[[ SUPPLIED INFORMATION, beginning ]]

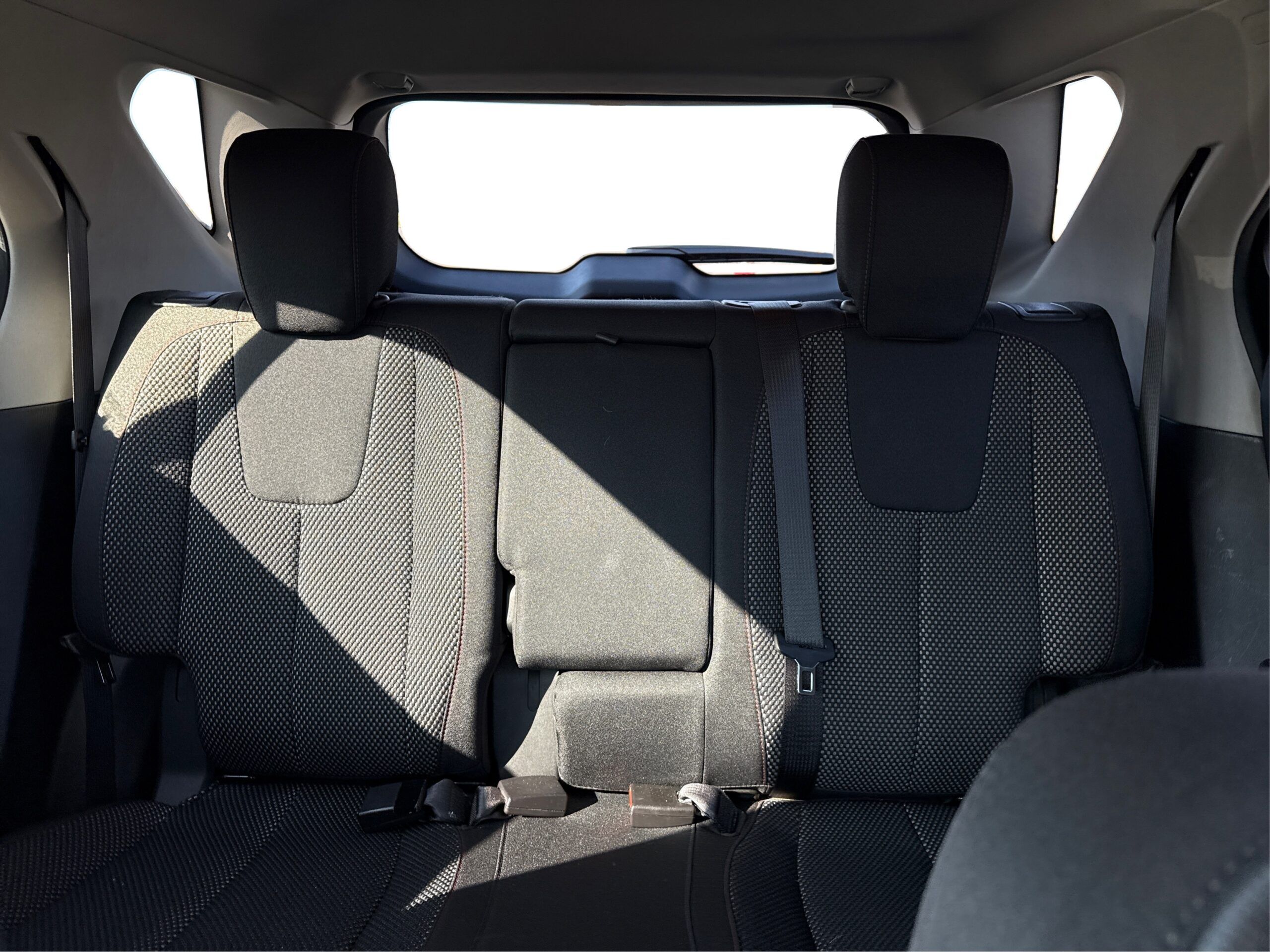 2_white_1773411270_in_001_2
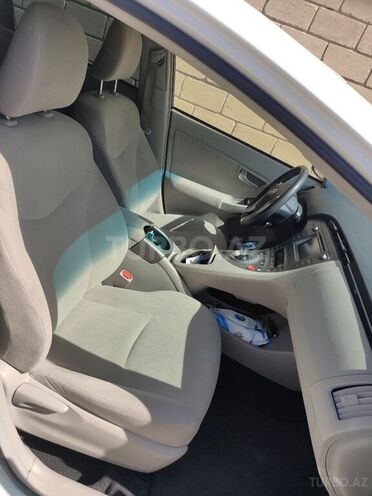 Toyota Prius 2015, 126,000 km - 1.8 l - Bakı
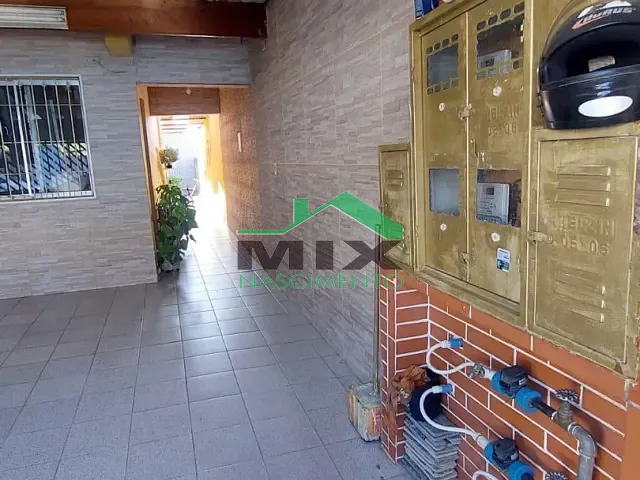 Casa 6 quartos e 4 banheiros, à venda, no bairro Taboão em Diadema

[[ SUPPLIED INFORMATION, end ]]

== EXERCISE AIM ==
Reprint the listing above exactly, without images.

== REPLY ==
 2_white_1773411270_in_001_2
 Toyota Prius 2015, 126,000 km - 1.8 l - Bakı
 Casa 6 quartos e 4 banheiros, à venda, no bairro Taboão em Diadema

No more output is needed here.